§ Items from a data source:

———

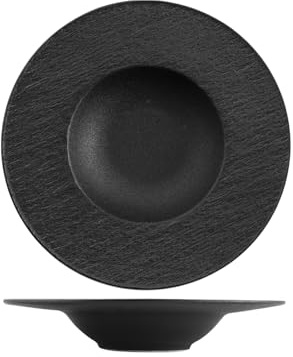 H&H-Skin, Set 2 piatti pasta, in porcellana di alta qualità, ø 28 cm, nero, pasta bowl, piatti da portata, piatti da presentazione, piatti professionali per ho.re.ca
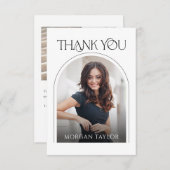 優雅ミニマルなエレガンスアーチ2写真卒業 サンキューカード (正面/裏面)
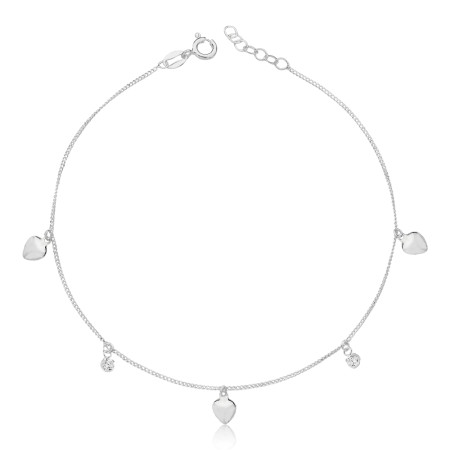  Tornozeleira Prata Gumezinha Corações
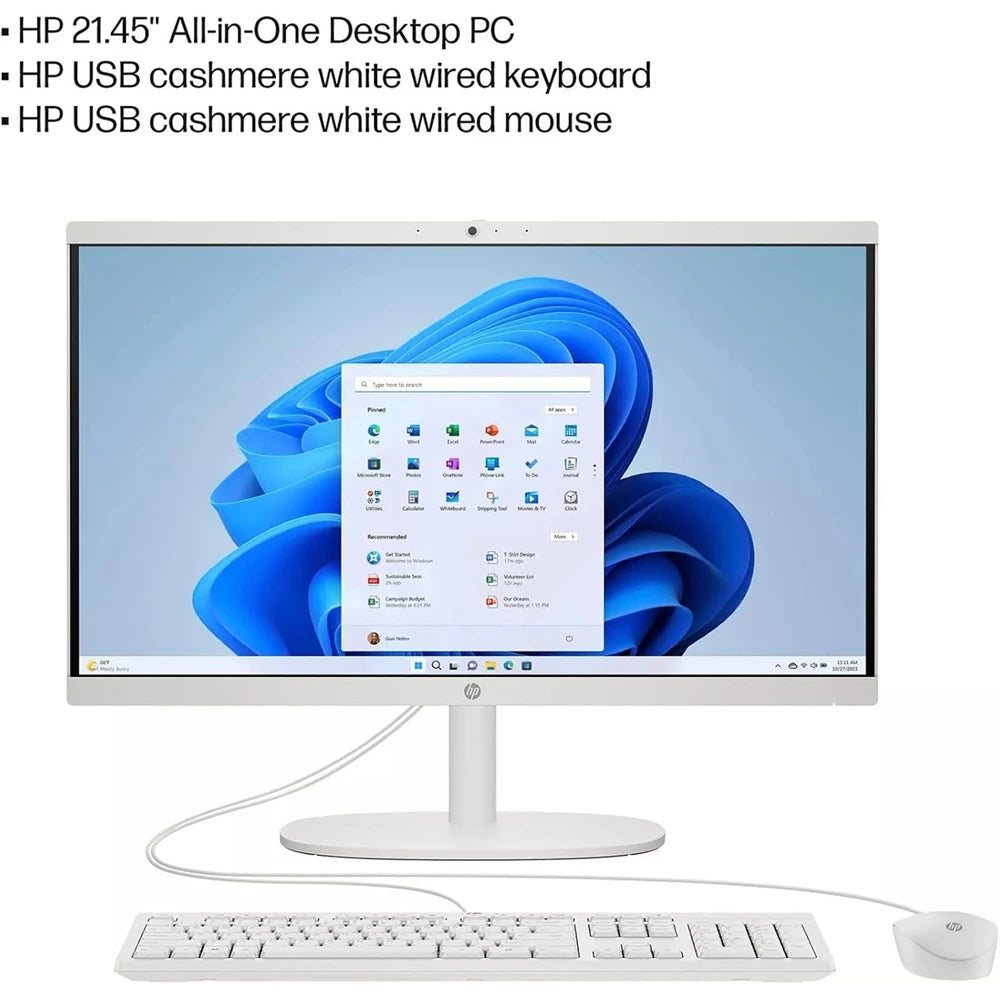 HP 21.5″ All-in-One Desktop — Intel Celeron J4025, 1080P FHD Display, Up to 32GB RAM, 2TB SSD, Windows 11 Pro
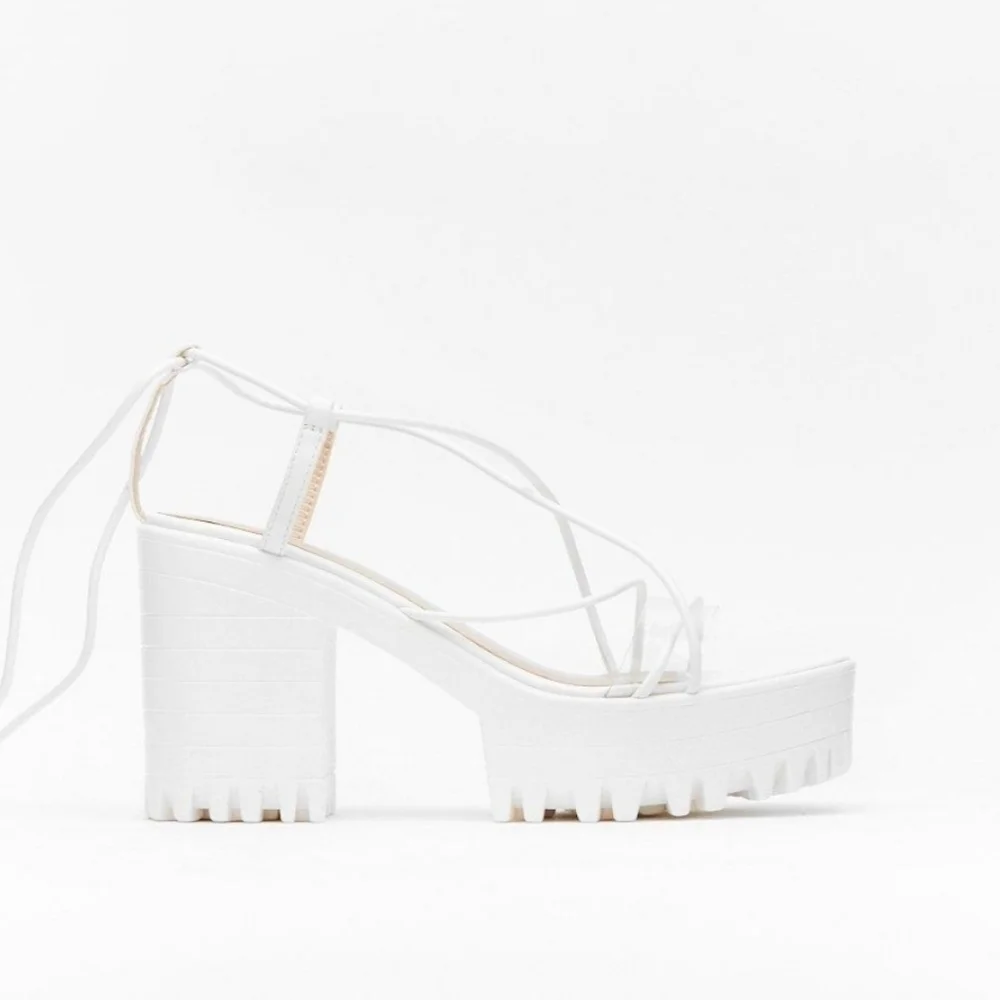 Nasty Gal white strappy platform, 4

———

§ Exercise directions: Restate the data above word for word. Do not include the images.

§ Answer box:
 H&H-Skin, Set 2 piatti pasta, in porcellana di alta qualità, ø 28 cm, nero, pasta bowl, piatti da portata, piatti da presentazione, piatti professionali per ho.re.ca
 優雅ミニマルなエレガンスアーチ2写真卒業 サンキューカード (正面/裏面)
  Tornozeleira Prata Gumezinha Corações
 HP 21.5″ All-in-One Desktop — Intel Celeron J4025, 1080P FHD Display, Up to 32GB RAM, 2TB SSD, Windows 11 Pro
 Nasty Gal white strappy platform, 4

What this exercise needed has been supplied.